Thank you, Speaker. Let’s pray.
Not a good beginning. A call to corporate prayer is inappropriate in such a setting, and triply so given what was to come next.
Jesus, I thank you for this privilege, Lord, of letting me pray, God, that I, Jesus, am your ambassador here today, standing here representing you, the king of kings, the lord of lords, the great I Am, the one who’s coming back again, the one who came, died, and rose again on the third day.
This is not just praying to Jesus. It is witnessing.
And I’m so privileged to stand here today, so thank you for this honor, Jesus, God, for those that came before us—Washington at Valley Forge, and Abraham Lincoln, who sought after you in Gettysburg, Jesus, and the founding fathers in Independence Hall, Jesus, that sought after you and fasted and prayed, for this nation to be founded on your principles and your words and your truth.
The founding fathers did not fast and pray during the Constitutional Convention. At a difficult junction in their deliberations, Benjamin Franklin did propose a prayer, but his proposal was ignored. In point of fact, the Constitution makes no mention of God, much less Jesus.
God, forgive us. Jesus, we’ve lost sight of you. We’ve forgotten you, God, and our country. And we’re asking you to forgive us, Jesus, that your promise and your words say that if my people who were called by my name humble themselves and pray and seek your face and turn from their wicked ways, that you’ll heal our land. Jesus, you are our only hope.
To say that “we” are asking Jesus for forgiveness is beyond presumptuous.
God, I pray for our leaders—Speaker [Mike] Turzai, [Majority] Leader [Bryan] Cutler, Governor [Tom] Wolf, President Trump.
Lord, thank you that he stands beside Israel unequivocally, Lord. Thank you that, Jesus, that we’re blessed because we stand by Israel and we ask for the peace of Jerusalem, as your word says, God.
Special pleading for Israel, in a governmental arena not concerned with foreign policy, can only be interpreted as a poke at the Muslim woman about to be sworn in.

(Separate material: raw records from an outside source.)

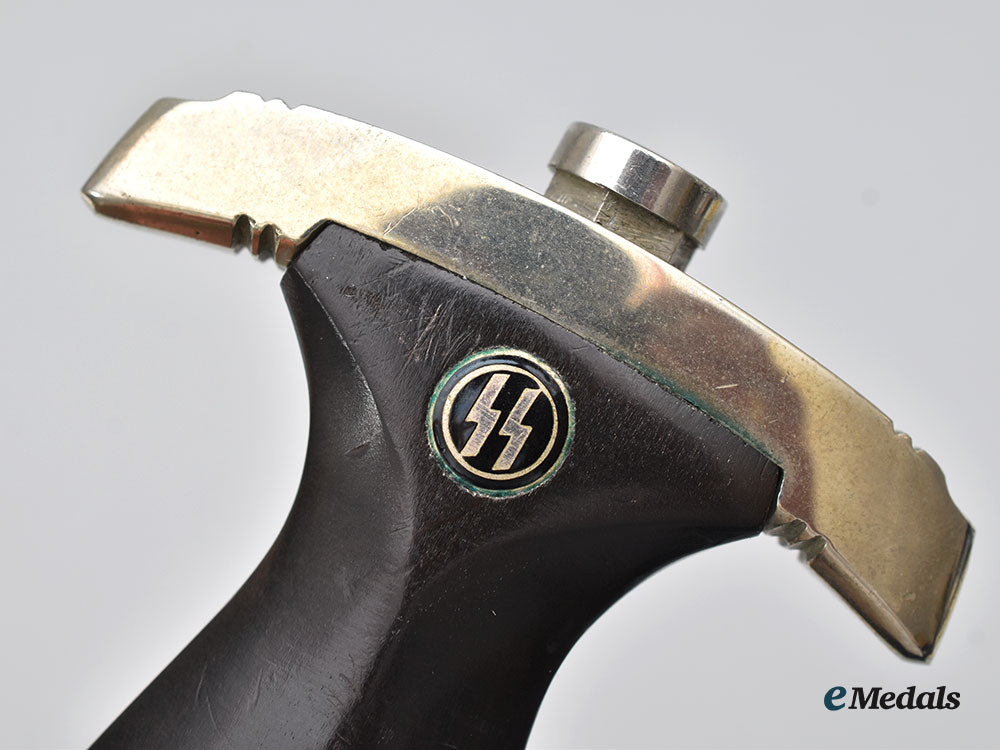 germany,_ss._a_model1936_chained_service_dagger,_owner-_attributed_example_l22_mnc5106_544_1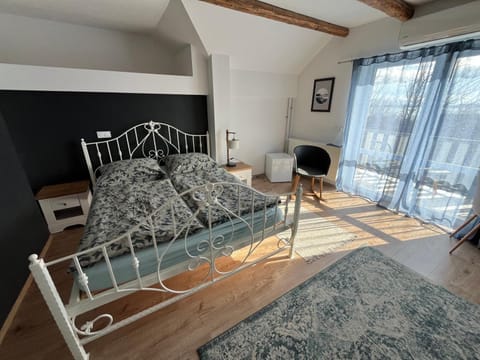 Bed, Photo of the whole room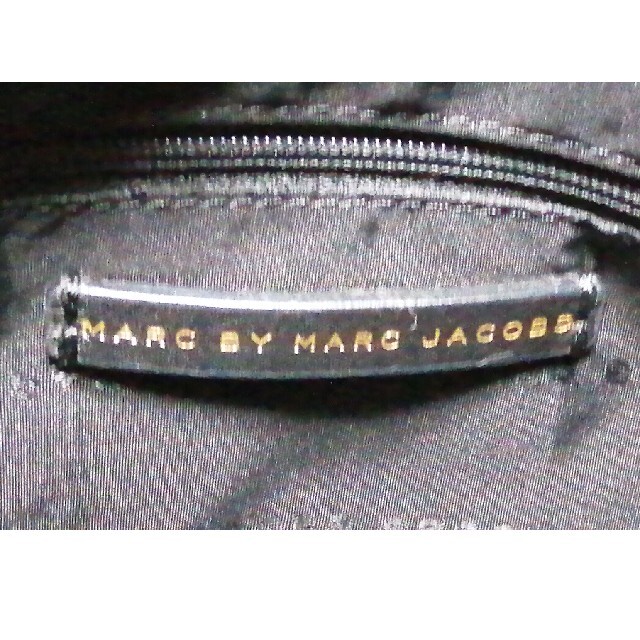MARC BY MARC JACOBS(マークバイマークジェイコブス)の美品❤マークバイマークジェイコブス❤ショルダーバッグ❤2way❤黒❤ゴールド金具 レディースのバッグ(ショルダーバッグ)の商品写真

We ask that we not be overcome by evil, and that we overcome evil with good in this land once again. I claim all these things in the powerful, mighty name of Jesus—the one who, at the name of Jesus, every knee will bow and every tongue will confess, Jesus, that you are Lord. In Jesus’ name, Amen.
OK. Like it or not, American politicians have, since the beginning of the republic, invoked the Deity when engaged in civil religious discourse. But since the founding fathers, they have habitually steered clear of Jesus’ name.

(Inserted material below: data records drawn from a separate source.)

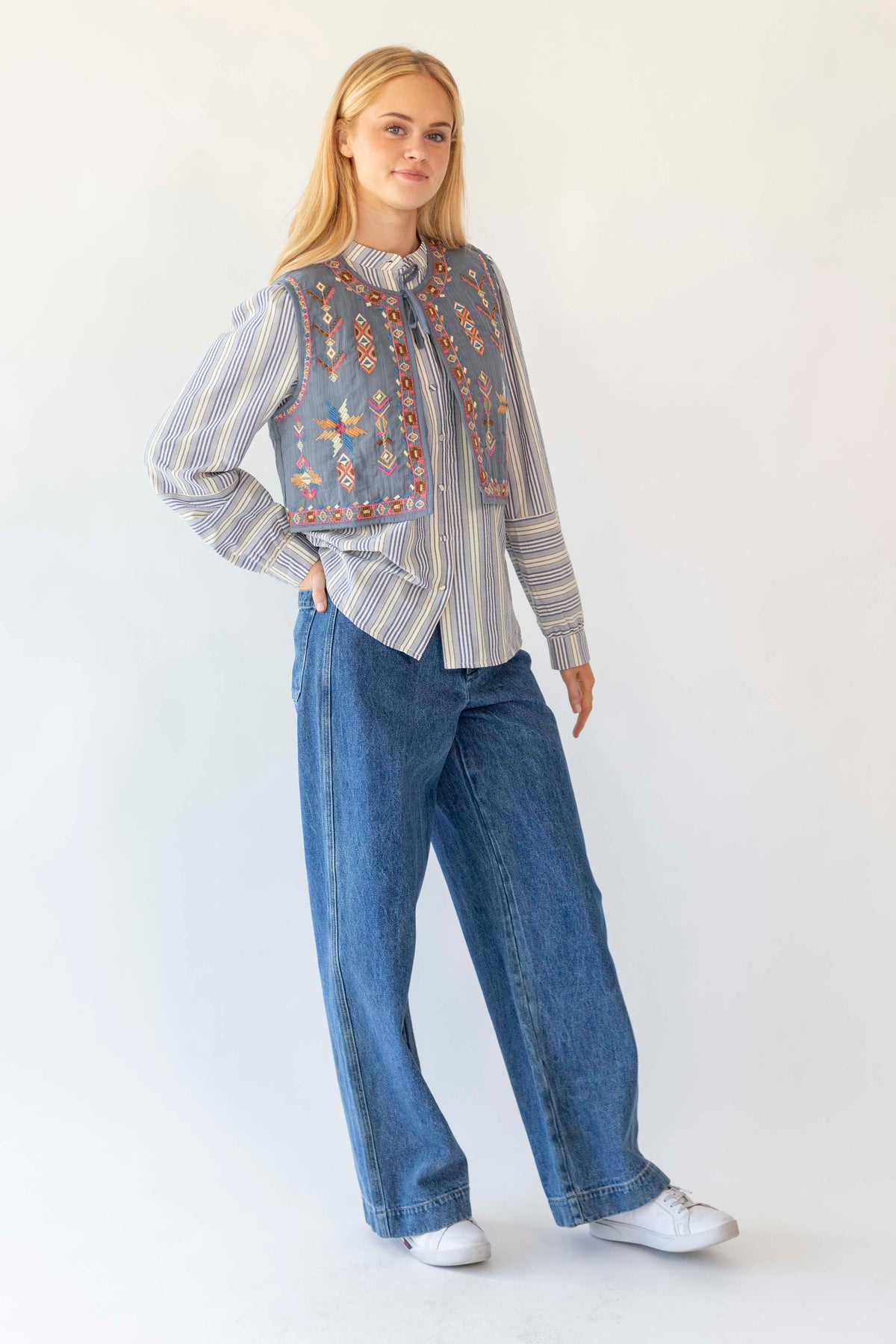 Lollys Laundry Ilsa Vest - Dusty Blue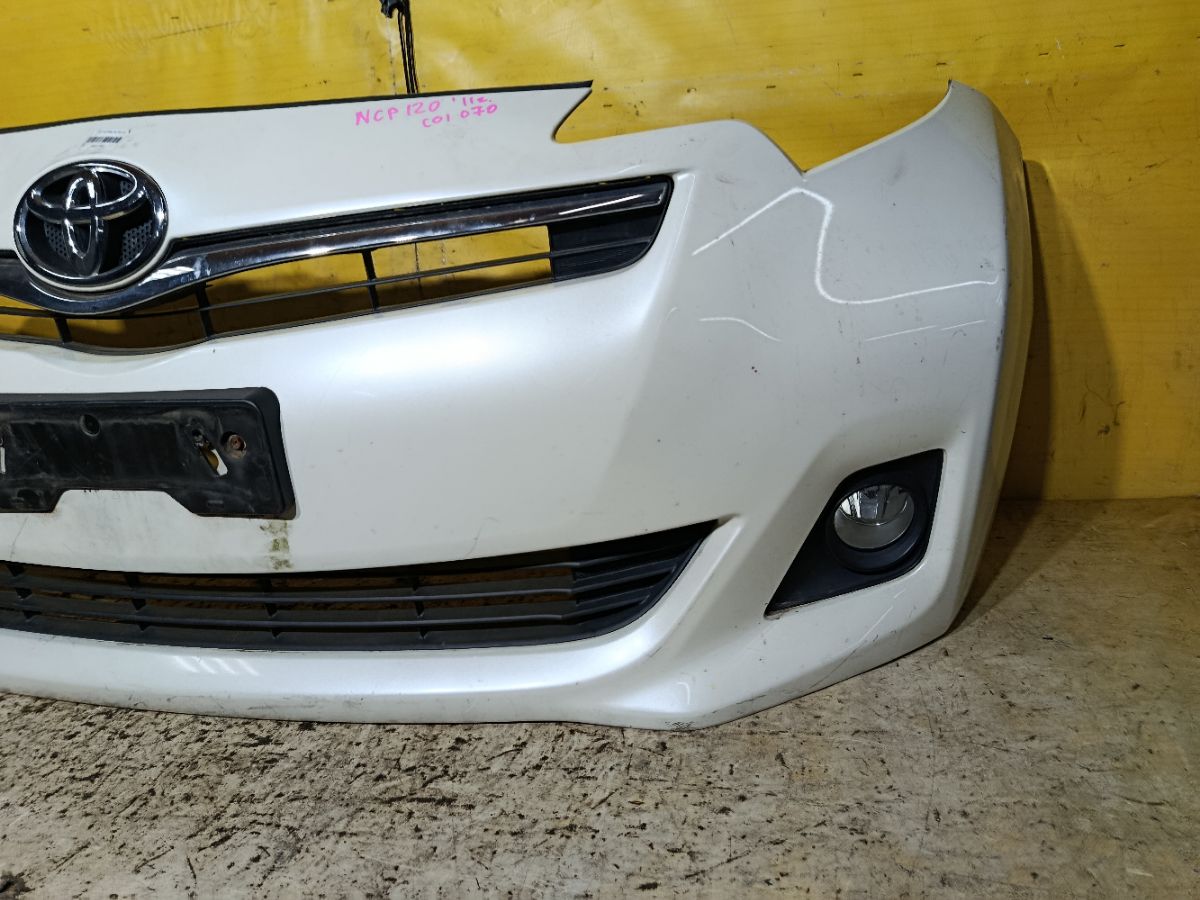 Бампер 52119-52690 на Toyota Ractis NCP120 Фото 3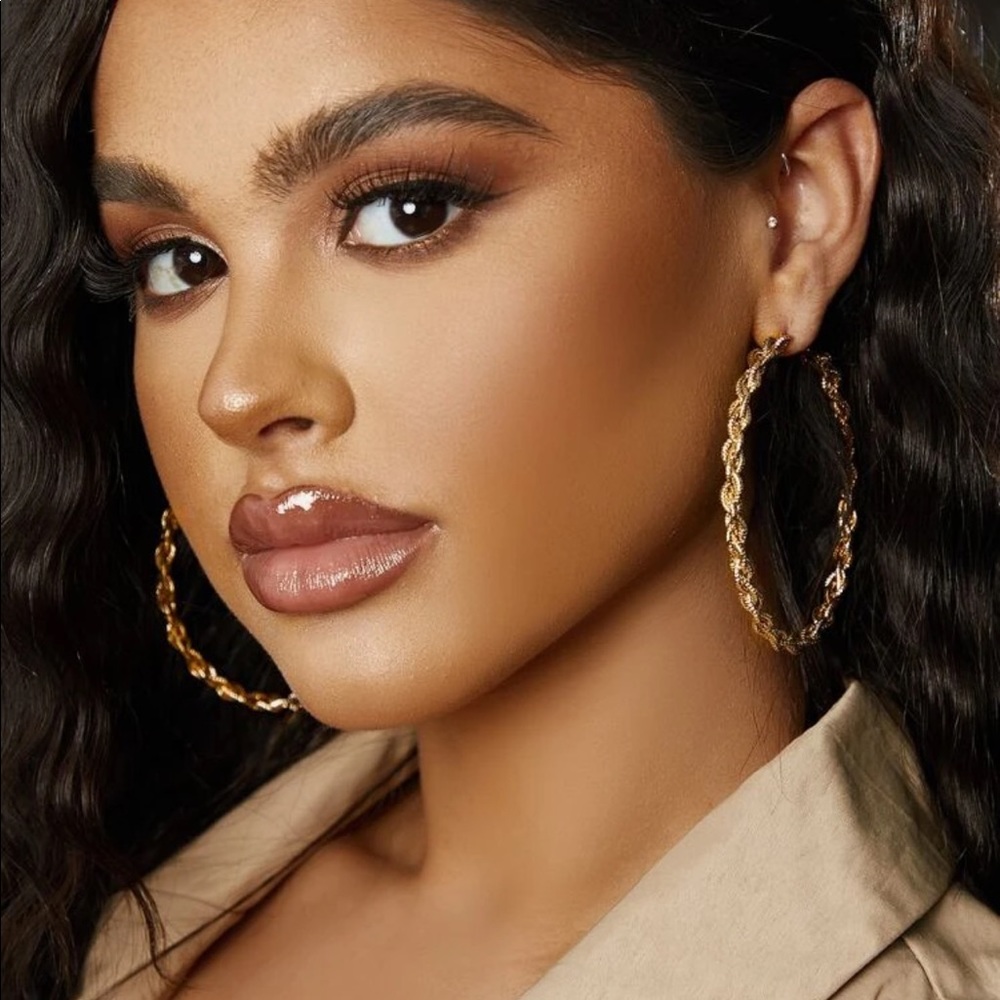 ¥18k Gold Multiplayer Twisted Hoop Earrings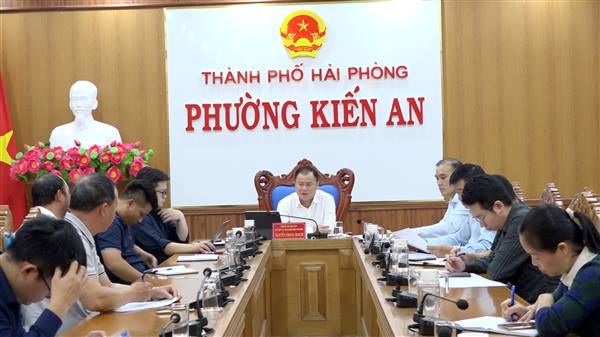 UBND phường nghe báo cáo tiến độ các công trình, dự án trên địa bàn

The Declaration of Independence does not mention Jesus, but “nature’s God,” “Creator,” and “the Supreme Judge of the world.” Abraham Lincoln put “under God,” not “under Jesus,” in the Gettysburg Address. Periodic attempts in Congress to amend the Constitution to recognize the law and authority of Jesus Christ (most recently in the early 1950s) have always gone nowhere.
To be sure, when it comes to ceremonial occasions, a somewhat more sectarian approach has been taken in recent years, perhaps out of a sense that in an increasingly pluralistic religious environment, Christians (like others) are entitled to pray using their own name for God.
Most notably, Baptist pastor Rick Warren, giving the invocation at Barack Obama’s 2009 inauguration, prayed “in the name of the one who changed my life, Yeshua, Isa, Jesus [Spanish pronunciation], Jesus”—but only after saying that Americans were “united not by race, or religion, or blood, but to our commitment to freedom and justice for all.” That is to say, Warren made clear that he accepts the United States as a religiously plural place.
Borowicz, it seems, does not. As a girl she attended a Baptist school in Florida, matriculated at a Pentecostal college in California, taught fourth grade at a Christian academy and, before moving to central Pennsylvania a few years ago, ran an organization to sponsor school prayer rallies. Her husband is an associate pastor at a (non-denominational) evangelical church.
She is, in other words, straight out of Christian right central casting. Forgive her, for she does not know what her country is about.